Он умер на седьмой день лихорадки, прервав посередине поток оскорблений. До этого мы никогда не слышали, чтобы он употреблял такие выражения и высказывался о чем-либо с такой страстью. На самом деле я вообще не помню, чтобы отец упоминал деда после его смерти иначе, кроме как в неопределенно-уважительном тоне, как некое второстепенное божество, в которое верят, но о котором толком ничего не знают. Что ж, вскорости я ожидаю снова встретиться с ним — то есть, с ними обоими — на другой стороне подземной реки, в той бесцветной и невыразительной стране, в которую отправляемся после смерти мы, греки. Я смогу спросить их, что произошло между ними — настолько важное, что вытеснило из отцовского сознания в последние часы его жизни все остальное. Частенько я предавался праздным размышлениям о том, что бы это могло быть. Перспектива удовлетворить, наконец, свое любопытство — это, в сущности, единственное, что примиряет меня с мыслями о смерти, которые во всех прочих отношениях являются переживанием, которое я бы не порекомендовал никому.
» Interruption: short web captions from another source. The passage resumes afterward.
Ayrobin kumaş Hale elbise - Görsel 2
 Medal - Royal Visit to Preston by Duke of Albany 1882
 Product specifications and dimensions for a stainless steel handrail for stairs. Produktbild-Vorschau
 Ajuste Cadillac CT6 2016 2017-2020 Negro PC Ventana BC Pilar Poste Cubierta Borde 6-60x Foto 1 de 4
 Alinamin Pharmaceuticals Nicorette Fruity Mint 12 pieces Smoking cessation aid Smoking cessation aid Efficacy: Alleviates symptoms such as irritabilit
Афинские дети, мой безграмотный юный друг, с младых ногтей претерпевают страдания от поэта по имени Гомер. По причинам, которые я никогда не понимал и никогда не пойму, от нас требовалось заучивать наизусть акры и акры его безотрадных творений, и всякий, кто не мог или не хотел этим заниматься, моментально квалифицировался как извращенец или просто дурак. «Невежественный маленький придурок, он даже Гомера не знает» — говорили про такого, подкрепляя упрек подзатыльником.
Удивительно. В конце концов, в «Илиаде» нет ничего, а в «Одиссее» — почти ничего такого, что имело бы хоть самую малую практическую ценность для кого угодно; в сущности, даже наоборот.
Четыре пятых «Илиады» — это бесконечно повторяющиеся батальные сцены с описанием таких боевых приемов, что всякий, попробуй он применить их на поле битвы, погиб бы быстрее, чем успел высморкаться, а все остальное — сомнительные, если не прямо кощунственные описания стиля жизни и морального облика наших богов. В «Одиссее» можно найти кое-что о кораблестроении и плотницком ремесле, согласен, но ее бесполезность в качестве рабочего руководства доказывалась не раз и не два. Одни боги знают, сколько идиотов отправилось на поиски чудесных мест, которые Гомер уверенно разместил где-то между Троей и Итакой; по словам тех немногих, кто вернулся назад целиком, Гомер что-то напутал. Просто, как дважды два.